Description of the task → Skip the pictures and repeat each line of the data exactly.

Exercise data →

┏━━

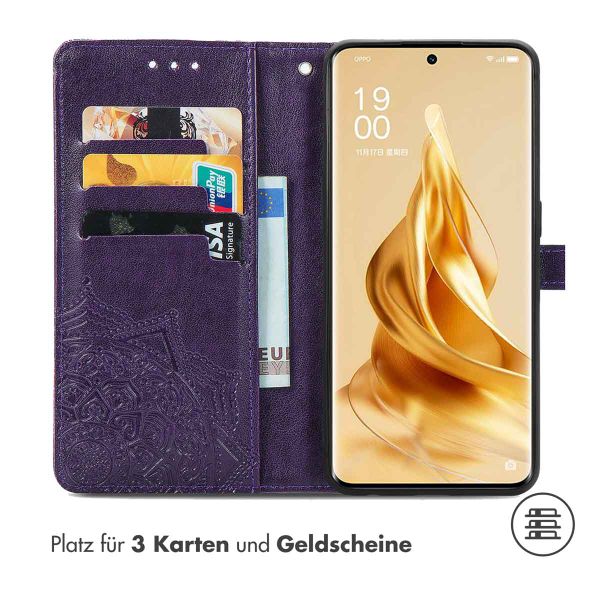 imoshion Mandala Klapphülle für das Oppo Reno 9 / Reno 9 Pro (5G) - Violett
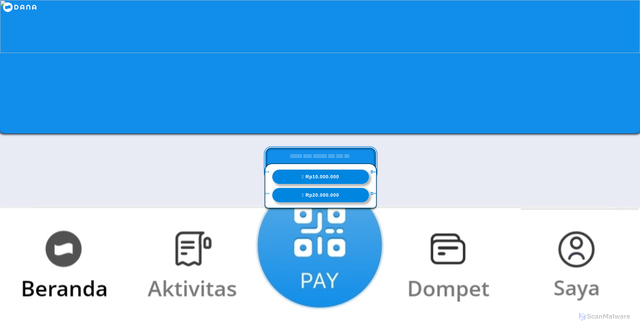Security scan screenshot of http://www.claim-hadiah.vercel.app/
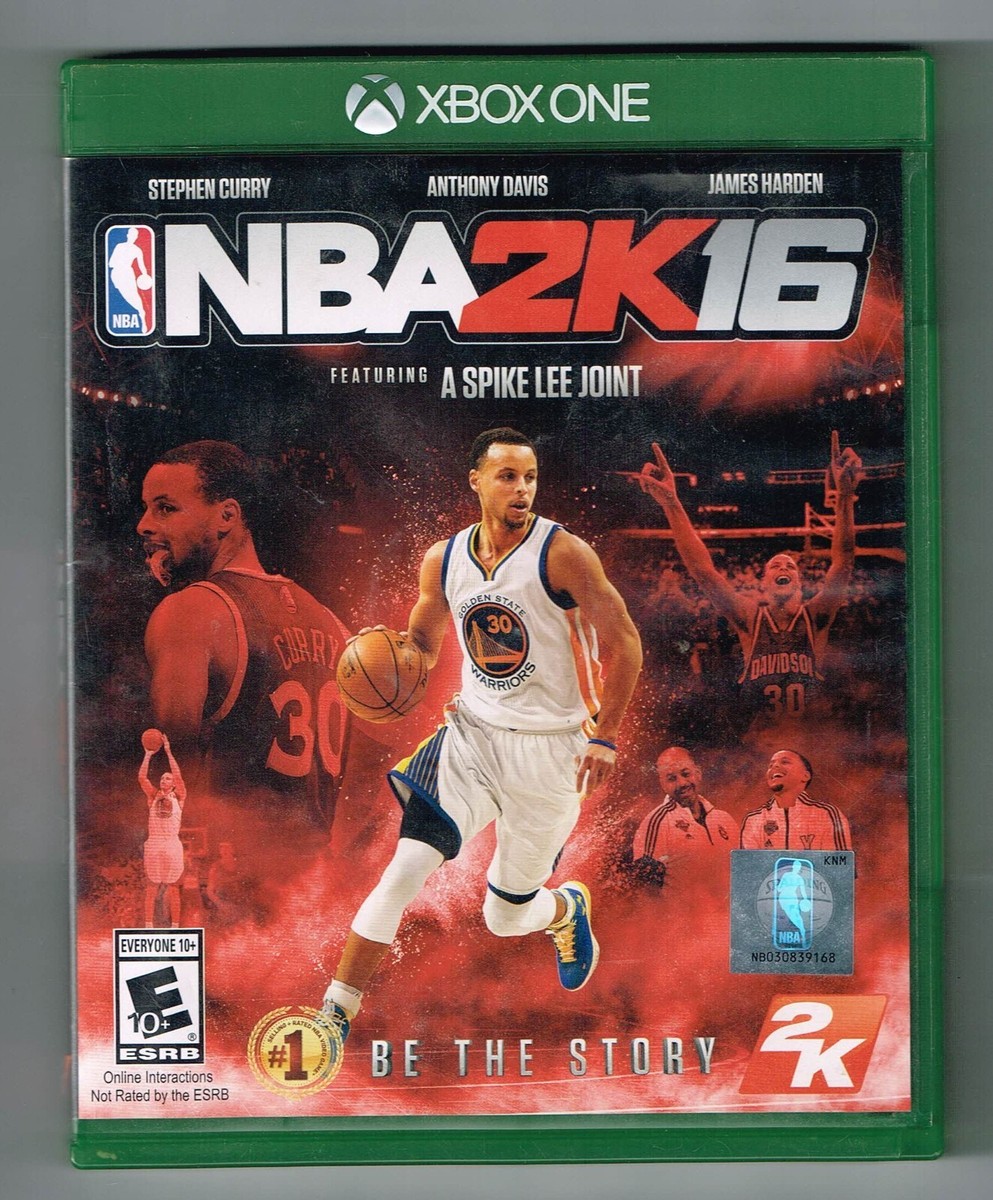 NBA 2K16 Stephen Curry Xbox One video Game Disc Case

┗━━

Your solution →
 imoshion Mandala Klapphülle für das Oppo Reno 9 / Reno 9 Pro (5G) - Violett
Security scan screenshot of http://www.claim-hadiah.vercel.app/
 NBA 2K16 Stephen Curry Xbox One video Game Disc Case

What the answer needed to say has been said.